## SUPPLIED DATA:

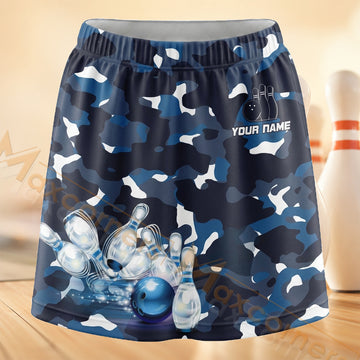 Maxcorners Bowling Blue Camo Pins Personalized 3D Skort, Skirts With Shorts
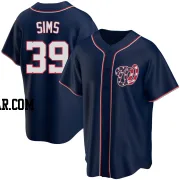 Lucas Sims Youth Washington Nationals Navy Replica Alternate Team Jersey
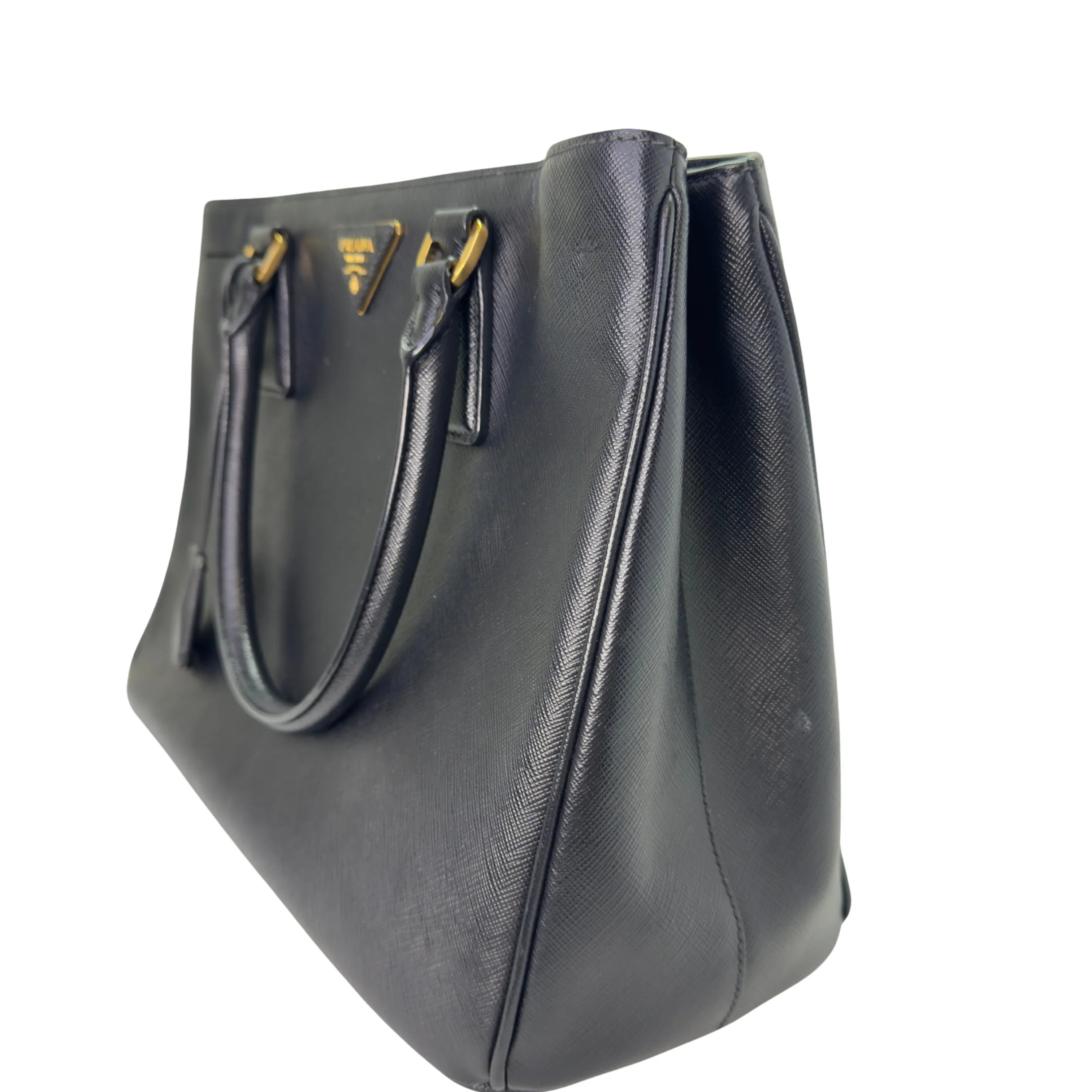 Prada Safiano Lux Medium Tote Bag Black - Lost Designer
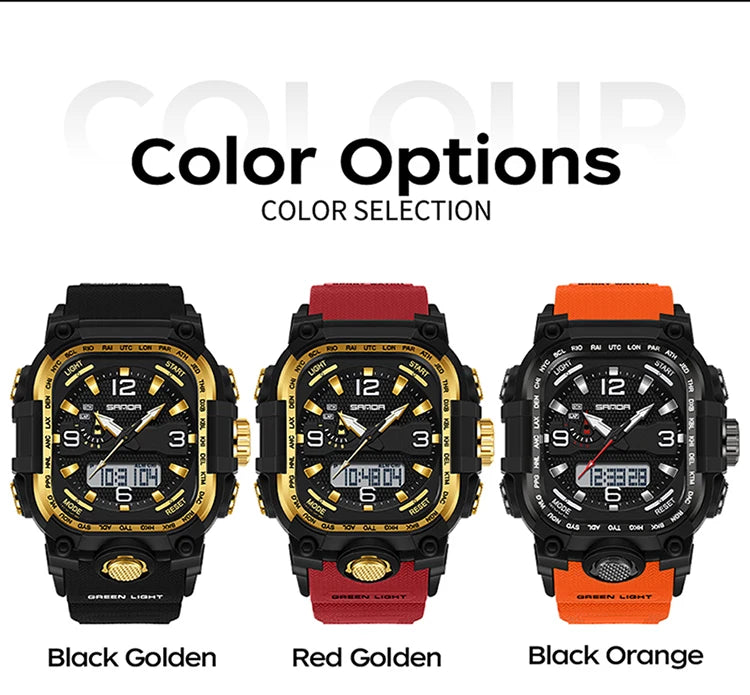 SANDA 6310 Men's Electronic Watch Multifunctional Luminous Alarm Clock Calendar Stopwatch Dual Display Digital Watches for Man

## ASSIGNED TASK:
Return the material exactly as given above, picture-free.

## ANSWER SPACE:
 Maxcorners Bowling Blue Camo Pins Personalized 3D Skort, Skirts With Shorts
 Lucas Sims Youth Washington Nationals Navy Replica Alternate Team Jersey
 Prada Safiano Lux Medium Tote Bag Black - Lost Designer
 SANDA 6310 Men's Electronic Watch Multifunctional Luminous Alarm Clock Calendar Stopwatch Dual Display Digital Watches for Man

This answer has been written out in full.